Del resto de los personajes que se asoman a mi obra -el cura, el barbero y el bachiller Carrasco- se han escrito muchas y negativas cosas. Unamuno, por ejemplo, los considera los mayores enemigos del héroe, porque, obrando conforme al corazón del ama y la sobrina, su único propósito es poner freno a don Quijote y a sus ansias de aventuras. No les perdona, además, que se burlen de él y le traten como a una peonza. Tanta es la inquina que les tiene, sobre todo a los dos primeros, que les acusa de ser unos estúpidos y unos miserables esclavos del sentido común, juicio que hace extensivo a los actuales curas y barberos manchegos que se les parezcan. A Sansón Carrasco le lanzó, además, otros afilados dardos, como enseguida veremos. A pesar de lo que Unamuno dijera siglos después, Cervantes se refiere a estos personajes como grandes amigos de don Quijote. Lo dice en el quinto capítulo de la primera parte y no lo desmiente en el resto de la novela, señal de que los sucesos en que se vieron inmersos no afectaron a su buena relación. De lo contrario, el caballero no hubiera pedido a su sobrina que llamara a sus buenos amigos cuando sintió que la muerte le acechaba. Además, el autor nos presenta al cura como hombre docto, es decir como alguien que, a fuerza de estudios, ha adquirido más conocimientos que los comunes, pero como no da puntada sin hilo, añade que se graduó en Sigüenza, que a la sazón era una universidad menor de muy escaso prestigio. Y aún siembra mayores dudas sobre su inteligencia trayendo a colación episodios en los que demuestra escasas luces y ningún sentido del ridículo. Tal sucede cuando el cura decide presentarse ante don Quijote disfrazado de doncella andante afligida y menesterosa solicitando sus servicios, y al barbero la idea le parece buena. ¿Podemos imaginarnos a un cura que ha sustituido la sotana por una saya de paño llena de fajas de terciopelo y unos corpiños guarnecidos con ribetes de raso, que se ha tocado la cabeza con el birretillo que usa para dormir, que se ha ceñido por la frente una liga de tafetán, y que con otra liga ha hecho un antifaz que le cubre las barbas y el rostro? ¿Podemos imaginarle de esa guisa subido a mujeriegas en su mula cabalgando por los caminos de Sierra Morena? Que antes de llegar a su destino Cervantes se apiade de él y le haga ver que está profanando su dignidad, pues es cosa indecente que un sacerdote vista de esa manera, puede ser un atenuante, pero no le rehabilita.

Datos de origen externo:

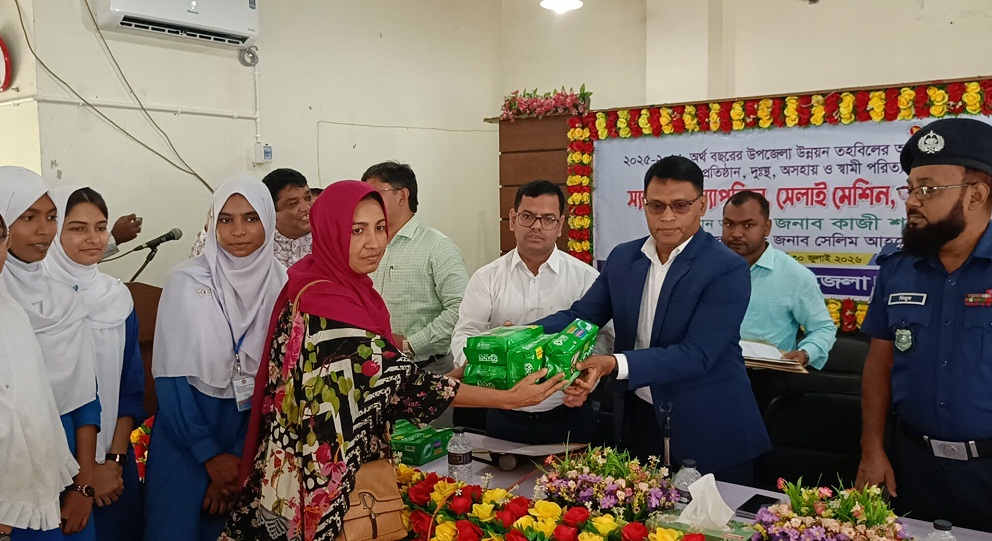 বাগমারায় শিক্ষা, স্বাস্থ্য ও সামাজিক সহায়তা সামগ্রী বিতরণ করলেন ডিসি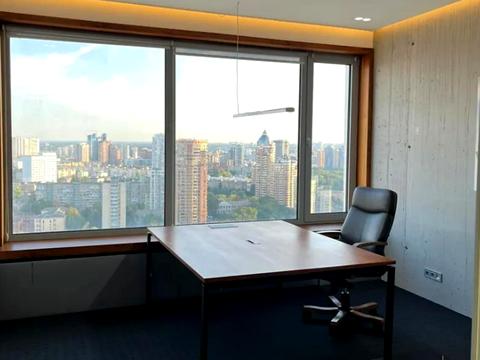 комерційна за адресою Кловський узвіз, 7а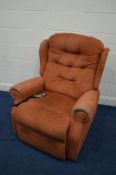 AN ORANGE UPHOLSTERED ELECTRIC RISE AND RECLINE ARMCHAIR (sd to arms, PAT pass and working)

Hay un episodio protagonizado por el cura y el barbero que no he querido recoger en mi obra, siendo, sin embargo, muy importante. Me refiero al donoso y grande escrutinio que ambos hacen en la librería de Alonso Quijano, que culmina con docenas de libros arrojados a la hoguera. Martín de Riquer considera que el capítulo en el que se describe es todo él de crítica literaria, y Unamuno, en su ensayo Vida de Don Quijote y Sancho, comparte esa opinión. Trata, dice, de libros y no de vida y con ese argumento lo pasa por alto. Pero Vargas Llosa no habla de escrutinio, sino de quema inquisitorial con el pretexto de curar a Alonso Quijano de su locura. Habla, pues, de censura y ahí me duele. Lo que hacen el cura y el barbero es por el bien del amigo, al que no quieren ver convertido en don Quijote, con lo que no se desvían un ápice de las razones que suelen ofrecer para justificar su actividad los censores que en el mundo son. Lo suyo es velar por la sociedad, quitando de su alcance todo aquello que la perjudique y la desvíe del recto camino. Lo que no impide que ellos sí tengan acceso a lo que prohiben, como si estuvieran vacunados contra los peligros de la contaminación. Ninguna causa, por bienintencionada que sea o buena que parezca, justifica la tutela que ejercen. Soy de la opinión de que a nadie le asiste el derecho de poner barreras al acceso del hombre al conocimiento de las cosas. Sinceramente, decidí no adentrarme en ese jardín por miedo a perderme en él.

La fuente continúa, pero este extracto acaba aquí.